There is thus a need for realistic AR content, and in particular for proper relighting of AR video pictures to ensure good and immersive user experience. In particular, optimal rendering quality of AR content is desirable for all AR devices.

According to a first aspect of the present application, there is provided a method for performing AR content rendering, the method comprising:

According to a second aspect of the present application, there is provided a method for enabling AR content rendering, the method comprising:

According to a third aspect of the present application, there is provided a scene description document, formatted to comprise at least one syntax element representative of virtual and physical lighting information and at least one indicator indicating the presence of virtual and/or physical lighting information within the scene description document, as obtained from the method according to the second aspect of the present application.

According to a fourth aspect of the present application, there is provided an AR apparatus (or AR device) for AR content rendering. The AR apparatus comprises means for performing any one of the methods according to the first aspect of the present application.

According to a fifth aspect of the present application, there is provided a processing apparatus (or processing device) for enabling AR content rendering.
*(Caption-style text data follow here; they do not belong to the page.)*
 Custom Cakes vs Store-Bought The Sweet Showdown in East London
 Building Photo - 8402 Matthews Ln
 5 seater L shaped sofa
The processing apparatus comprises means for performing any one of the methods according to the second aspect of the present application.
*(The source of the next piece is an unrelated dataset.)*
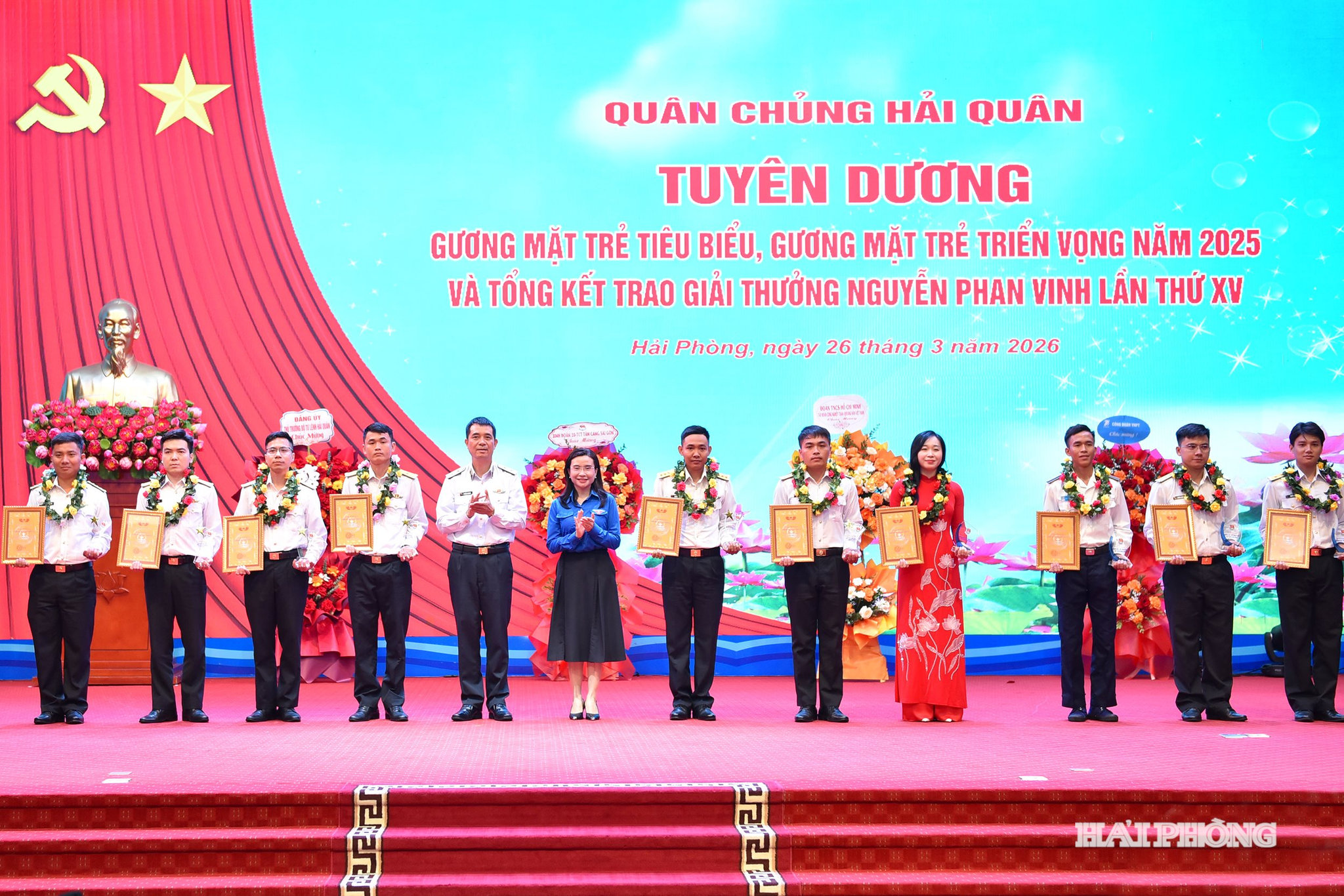 Các đồng chí: Phó Đô đốc Nguyễn An Phong, Bí thư Đảng ủy, Chính ủy Hải quân; Nguyễn Phạm Duy Trang, Bí thư Trung ương Đoàn, Chủ tịch Hội đồng Đội Trung ương trao giải thưởng gương mặt trẻ tiêu biểu, gương mặt trẻ triển vọng Hải quân năm 2025.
According to a sixth aspect of the present application, there is provided a non-transitory storage medium (or storing medium) carrying instructions of program code for executing a method according to the first aspect of the present application.

According to a seventh aspect of the present application, there is provided a non-transitory storage medium (or storing medium) carrying instructions of program code for executing a method according to the second aspect of the present application.

Similar or same elements are referenced with the same reference numbers.

At least one of the embodiments is described more fully hereinafter with reference to the accompanying figures, in which examples of at least one of the embodiments are depicted. An embodiment may, however, be embodied in many alternate forms and should not be construed as limited to the examples set forth herein. Accordingly, it should be understood that there is no intent to limit embodiments to the particular forms disclosed. On the contrary, the present application is intended to cover all modifications, equivalents, and alternatives falling within the spirit and scope of the present application.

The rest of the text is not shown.